Analysis
The deceased was a self-made man who had operated a farming business and a haulage company in partnership with his wife (the third defendant) and his son (the claimant). Over the course of his life, he purchased a number of parcels of agricultural land in Dorset. In 2007 he gave two of these parcels to one of his daughters (the first defendant). In 2009 the partnership dissolved, and the deceased transferred one of the parcels to himself and the third defendant to hold jointly. At the same time the claimant was given one of the parcels and the haulage business.
The deceased died in 2012, having made a will in 2010 (‘the will’). By this will the deceased left his remaining interest in the parcels to wife and two daughters (the defendants), but bequeathed nothing to the claimant. The claimant brought a claim on two grounds:
- i. The will was invalid as the deceased lacked testamentary capacity when he made the will; and
- ii. In any event, a proprietary estoppel arose in his favour and therefore he was entitled to the parcels of land bequeathed by the will, as well as to the parcels given to the first defendant in 2007 and jointly to the third defendant and the deceased in 2009.
Testamentary capacity
There was significant discussion about the correct test that should be applied when assessing testamentary capacity. Initially the parties agreed that the correct test was that established in Banks v Goodfellow; however in closing counsel for the claimant submitted that the correct test of capacity was that set out in the Mental Capacity Act 2005.
Proprietary estoppel
The claimant sought to impugn the deceased’s transfers of land in 2007 and 2009 on the basis that these an estoppel arose in his favour before the transfers. The claimant asserted that as the first and third defendants were volunteers and had notice of the circumstances in which the estoppel arose, and therefore the fact that they were third parties could not be used in their defence. In response the first defendant counterclaimed that a proprietary estoppel arose in her favour as she had spent significant sums and built a business in reliance on the 2007 transfer. The third defendant also counterclaimed on the basis that when the land was transferred into her joint name in 2009, she already had an interest in the land under a constructive trust. If the first and third defendants were correct about their respective interests, a question arose as to whose interest took priority.
Held:
- 1) The correct test of testamentary capacity remains the test in Banks v Goodfellow. Had Parliament wished the MCA 2005 to apply to retrospective decisions on capacity, it could have done. It would be wrong to interpret the statute as overruling such a long-standing and well established common law rule when it fails to do so expressly or without being implied by necessity. The authorities since the MCA came into effect were unclear on this point, but a number of them had come to the same conclusion.

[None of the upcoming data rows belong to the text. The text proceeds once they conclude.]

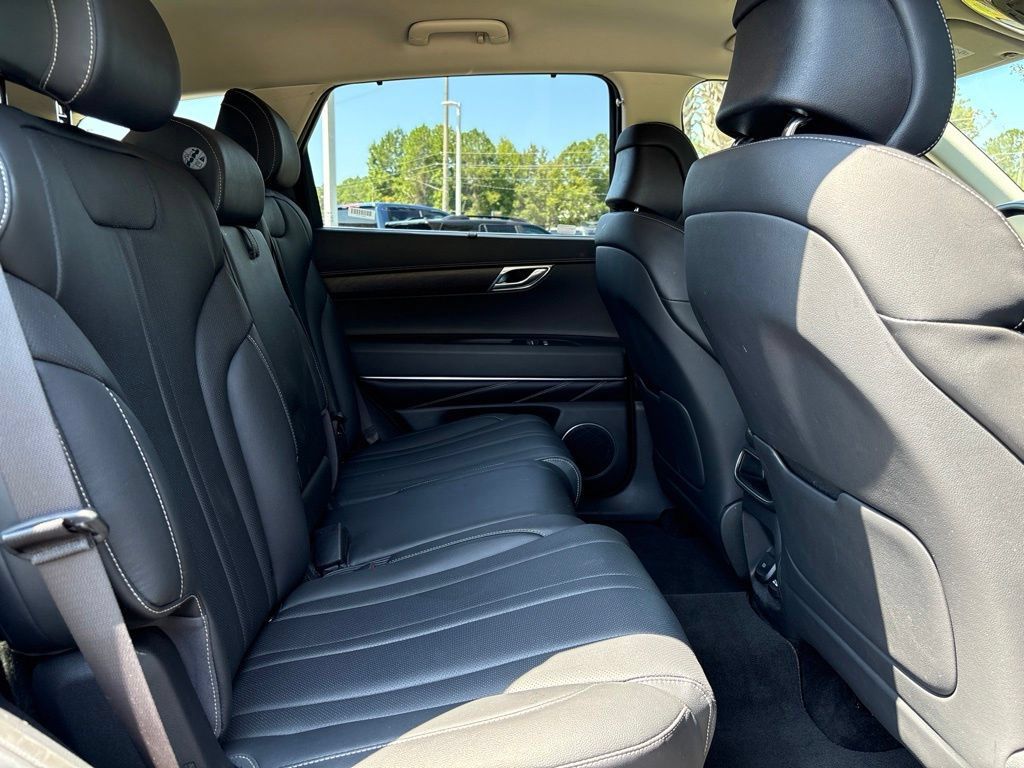 Used 2024 Genesis GV80 2.5T AWD/4WD image 9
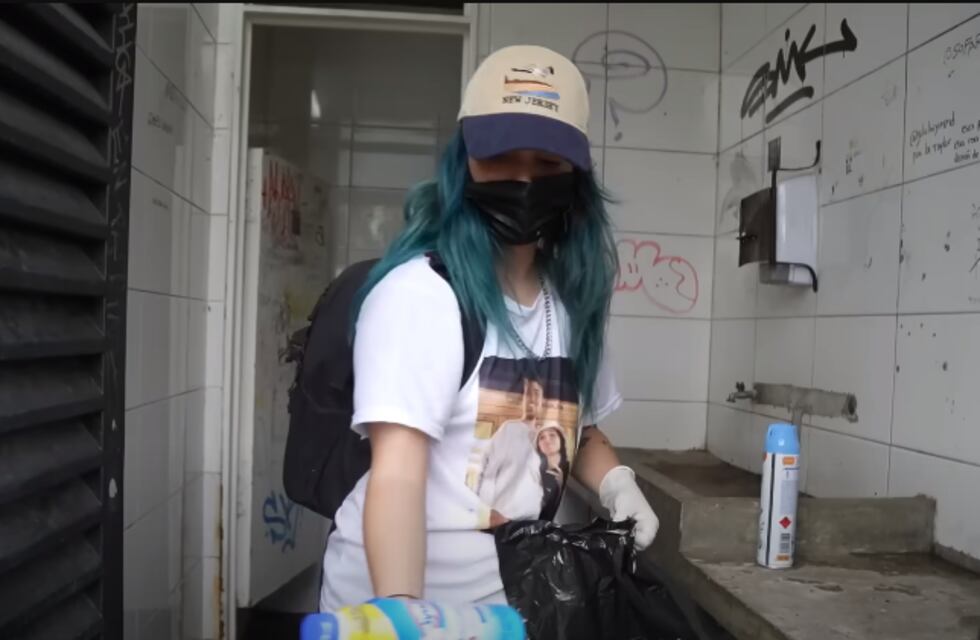 Insólito desafío: se propuso limpiar “los peores baños públicos de Rosario” y se hizo viral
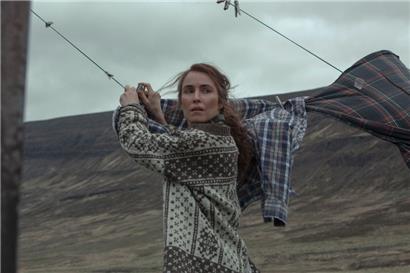 Mit ihrem Partner Ingvar züchtet María Schafe und betreibt einen Bauernhof – das Paar führt ein zurückgezogenes Leben, dessen Verlauf sich mit dem Auftauchen Adas schlagartig ändert
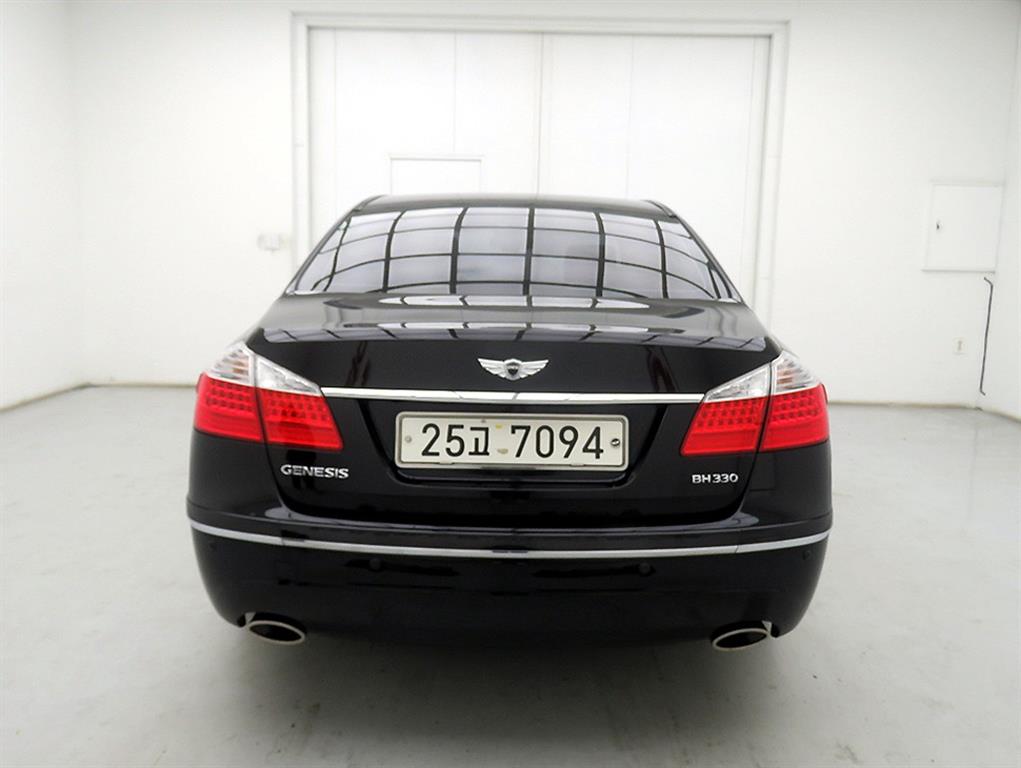 HYUNDAI Genesis - Vista 3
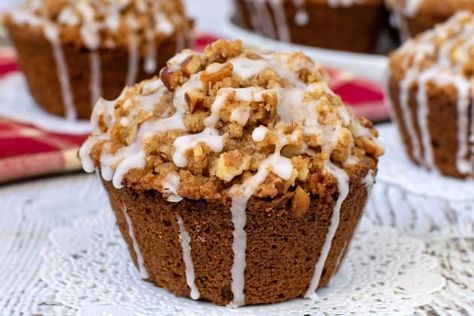 Apple+Pecan+Streusel+Muffins Snack Muffins, Streusel Topping For Muffins, Best Coconut Cream Pie, Pecan Muffins, Protein Mug Cakes, Coconut Cream Pie Recipes, Sweet Glaze, Streusel Muffins, Muffin Streusel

- 2) On the facts, the deceased did have testamentary capacity at the time that he made the will.
- 3) The proprietary estoppel claim failed because the court found that was no clear assurance or promise that the claimant could rely upon. The testator may have made statements outlining his current intentions as to his future conduct, but this could not be seen as a promise of that conduct, let alone a promise capable of being acted upon.
- 4) The proprietary estoppel claim also failed because, on the facts, it did not appear that the claimant had suffered any detriment, nor could he show he would have acted differently had he not relied on what he thought was an assurance.
- 5) If the judge was wrong about an estoppel arising in the claimant’s favour, then he held that this would have come into being before any interest held by the defendants, and therefore would have had priority over them.